**Source material**
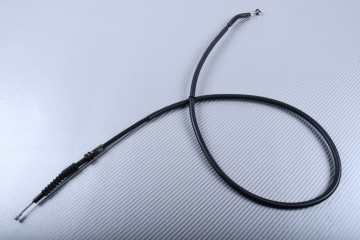Cable del embrague KAWASAKI ZX6R 2007 - 2008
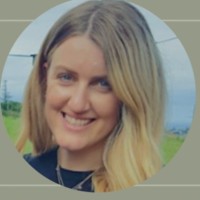 Philippa Kelly
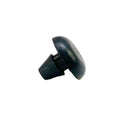 GROWTAC DBR-000023 Equal Rubber Cap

**Problem**
Every line of the material is to be quoted exactly, with no pictures carried over.

**Reply**
Cable del embrague KAWASAKI ZX6R 2007 - 2008
 Philippa Kelly
 GROWTAC DBR-000023 Equal Rubber Cap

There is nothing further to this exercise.